Reconstructable generalized maximum scatter difference discriminant analysis

Dimensionality reduction is a key preprocessing step for many applications. Until our knowledge, unsupervised approaches such as PCA and ICA do not take label information of the original data into account, so a supervised approach such as Linear discriminant analysis (LDA) performs better on many classification tasks. Unfortunately, the classical LDA approach has shortcomings, such as the well-known small size problem, the heteroscedastic problem and the (C-1) low rank problem. The (C-1) low rank problem greatly limits the dimension of the extracted features.
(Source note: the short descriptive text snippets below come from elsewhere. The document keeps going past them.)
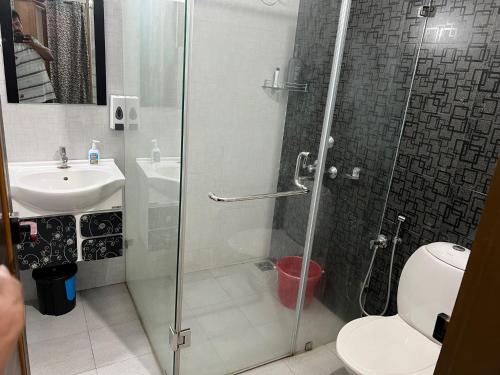 a bathroom with a shower and a toilet and a sink at Sunshine Beach Villa - Kuzhuppilly in Cherai Beach
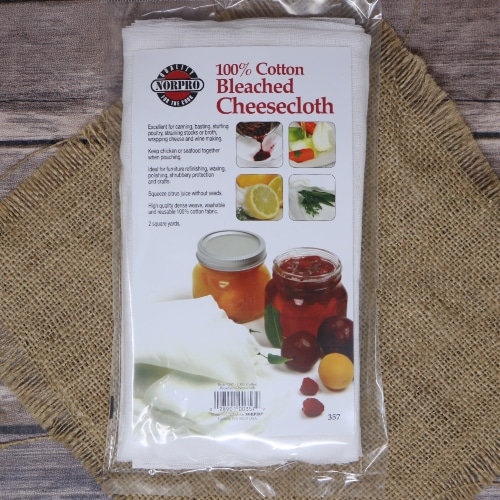 Pack of Norpro 100% cotton bleached cheesecloth on a straw mat, with a wooden background and images of its uses on the packaging.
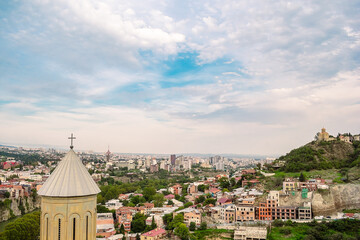 Wall Mural - Church of St. Nicholas in Tbilisi, Georgia. View of the Georgian city of Tbilisi and the Church of St. Nicholas from a high point.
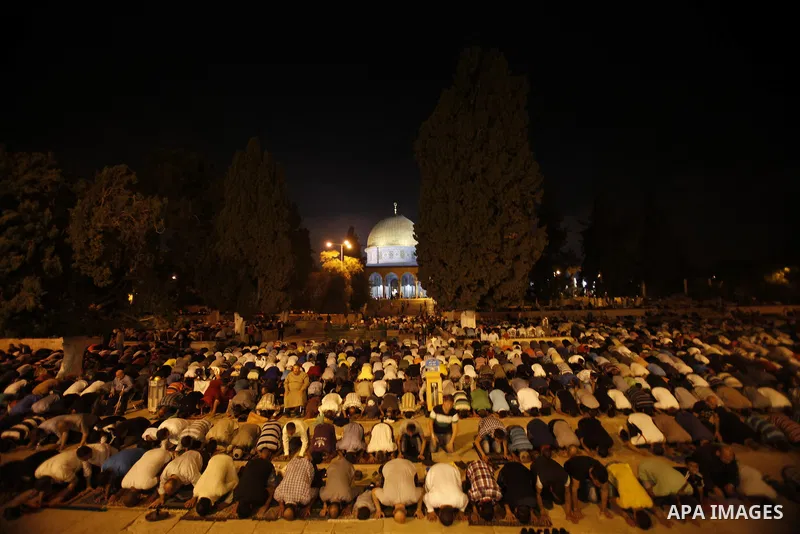 Palestinian Muslims perfom praying Taraweeh in al Aqsa mosque in the old city of Jerusalem after breaking the fast on the First day of the Moslem holy month of Ramadan on July 10, 2013. Photo by Saeed Qaq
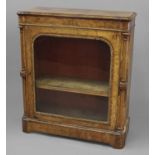 A VICTORIAN BURR WALNUT PIER CABINET, the rectangular top with a moulded border above a decorative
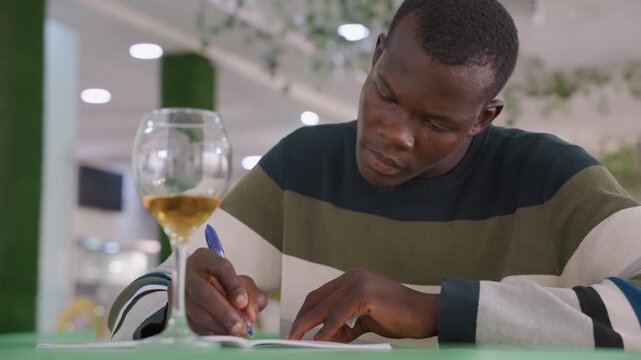 Man composing apology note at cafe, wine glass beside him, tense expression, striped sweater, low light, handwritten card, closeup of pen, intimate bistro setting, melancholic mood.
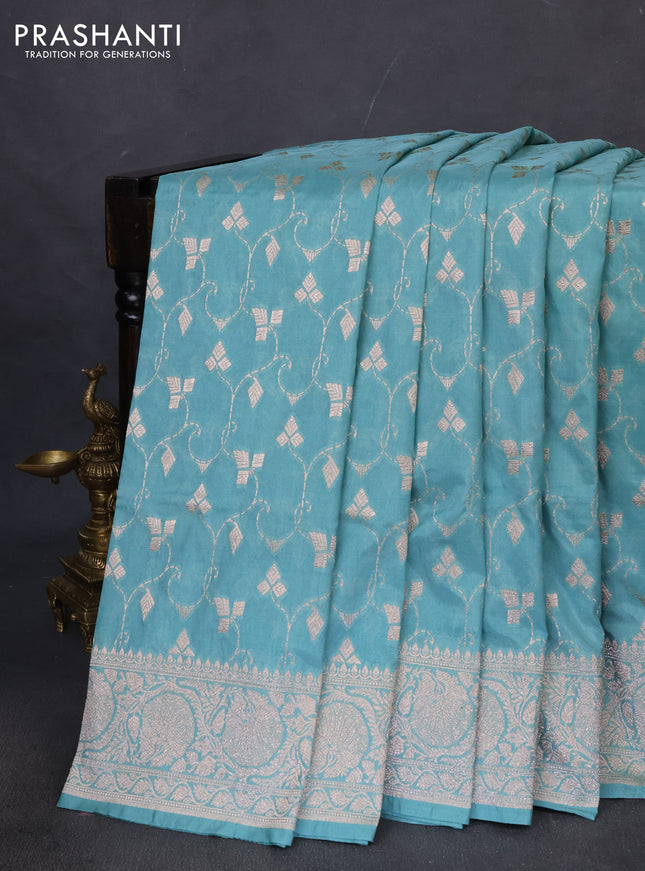 Banarasi semi katan saree teal blue with allover zari weaves and zari woven border
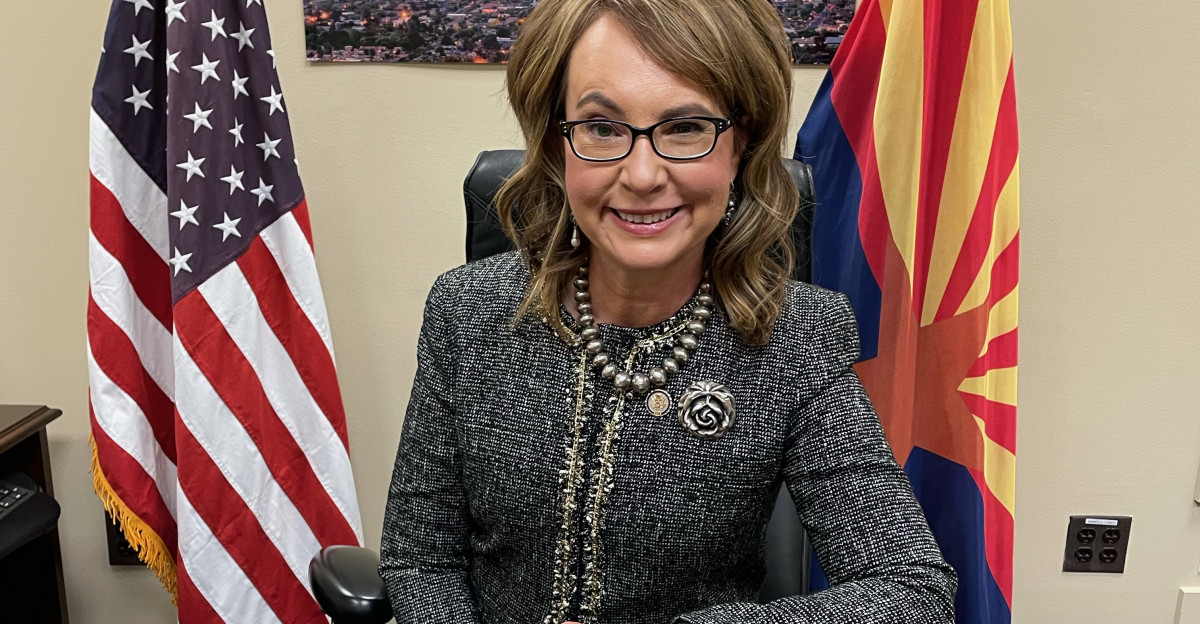 Stopped by the office on our way to the Inauguration and GabbyGiffords test drove my desk which once belonged to Senators McCain and Goldwater What do you know - she looks pretty good sitting behind it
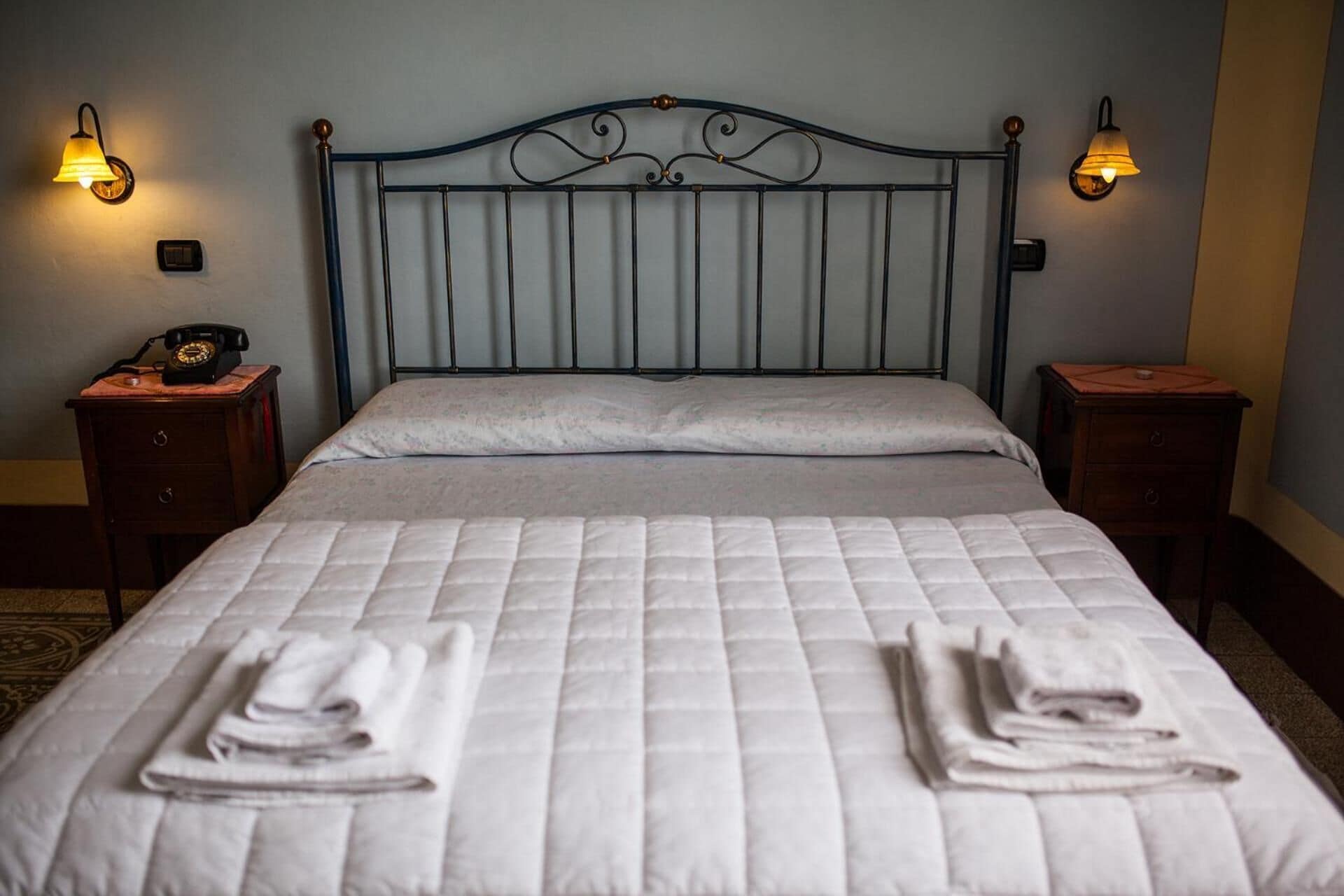 Un letto rifatto con un piumone bianco trapuntato, due asciugamani piegati sul letto e due comodini con lampade su entrambi i lati.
In addition, the calculation of the between-class and within-class scatter matrices in the classical LDA approach actually only takes account of the Mahalanobis distance like covariance distance of data centers and each data class, so if the dataset has very few classes or the data distribution of each class is not Gaussian-like but has some spatial structure in the feature space instead, classical LDA does not work well. In this paper we propose a dimensionality reduction approach which avoids the limitations of classical LDA and improves handling of the between-class scatter matrix. Our approach approach takes the distribution of data in each class into consideration to calculate the projection matrix. It does not assume that the data distribution of each class approximates Gaussian; each can have its own spatial structure. Experiments show that our method can obtain better projection directions than the classical LDA approach and greatly improve the classification accuracy. In addition, our approach is able to reconstruct the original signal well, while the classical LDA approach ignores the reconstruction property.